The Rainhill locomotive contest, and the convincing proofs afforded thereby of the practicability of applying railway transport alike to goods and passengers, at a high rate of speed, impressed men’s minds with the conviction that, if canals were not already doomed, they were, at any rate, by no means so superior as they had seemed up to that time. The Stockton and Darlington Railway had been opened for the purpose of bringing the coalfields and the ports of Durham together. There was no idea of competing with any other means of transport, because no other means of transport existed, except the pack-horse. But in the case of the Liverpool and Manchester Railway, the object in view was that of antagonism to the canals, which had proved impracticable in their dealings with the merchants and manufacturers of those towns. If the canal companies had met the just and reasonable demands of the traders of Lancashire, the probability is that the Liverpool and Manchester Railway would not have been constructed until many years later. As it was, the high-handed proceedings adopted by those companies, raised the Frankenstein of railway competition, and the difficulty now was, how to lay it. Sisyphus, himself, had no harder task to perform. The issue for a time appeared to be doubtful, but not for long. The new system of transport fulfilled every expectation formed by its most sanguine promoters, and disappointed every apprehension entertained by its enemies. The canal companies found it necessary to undertake experiments, in order to demonstrate the greater economy of their system of transport. They also attempted to introduce steam propulsion, to improve their lines of communication, and in some cases to reduce their rates of charge. They did not, however, greatly mend matters.

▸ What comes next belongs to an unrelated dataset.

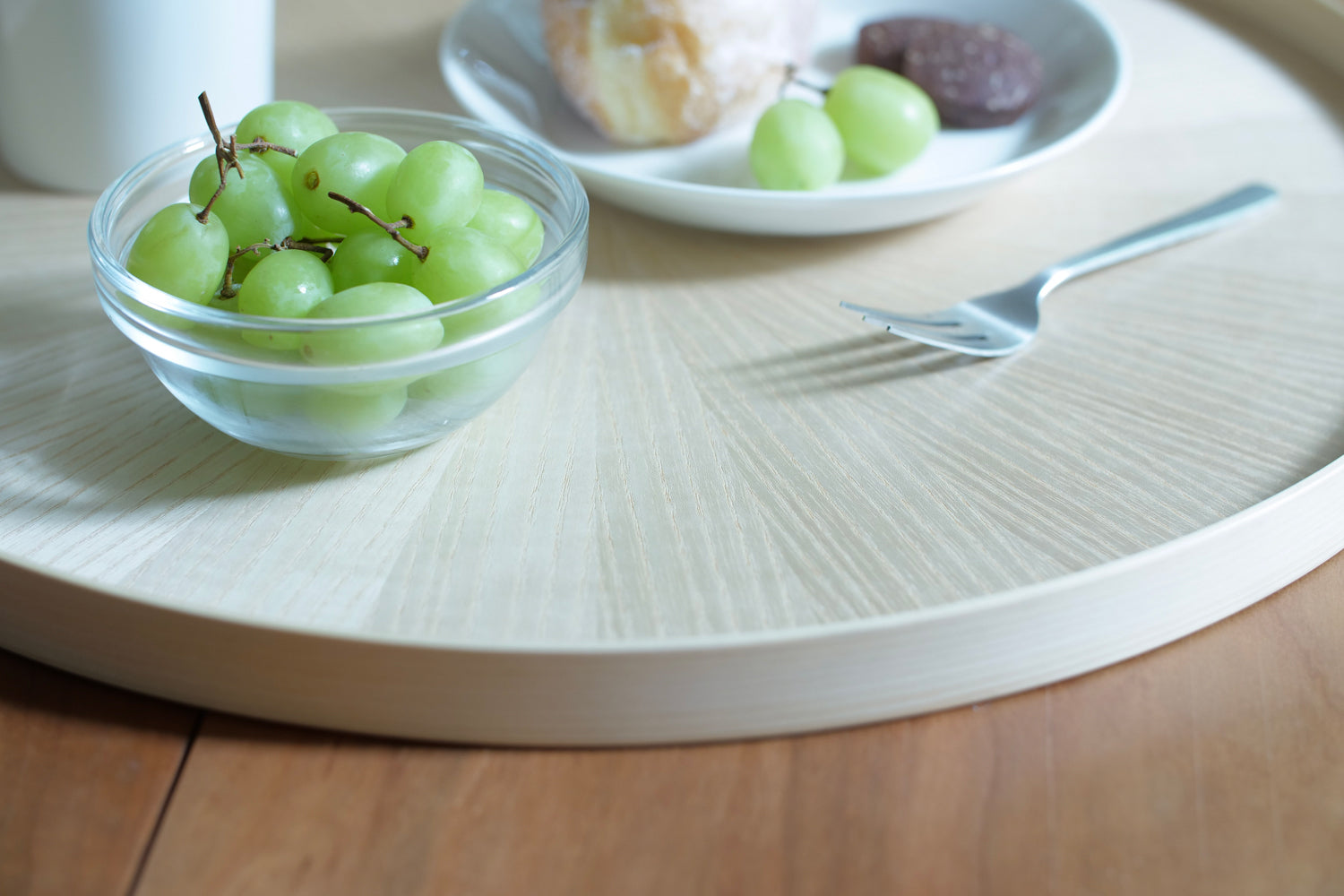 Round RaysTray L White Ash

Nicholas Wood analysed their experiments, and declared that “coals and minerals were conveyed on railways equally cheap, if not at a less rate, than on canals,” and in opposition to those who maintained the greater economy of waterways, he declared that “in no instance has it been shown that canal navigation is conducted at a cheaper rate, including every charge.”[223] He thereupon argued that “the slow, tardy, and interrupted transit of canal navigation must, therefore, of necessity yield to other modes, affording a more rapid and certain means of conveyance.”[224]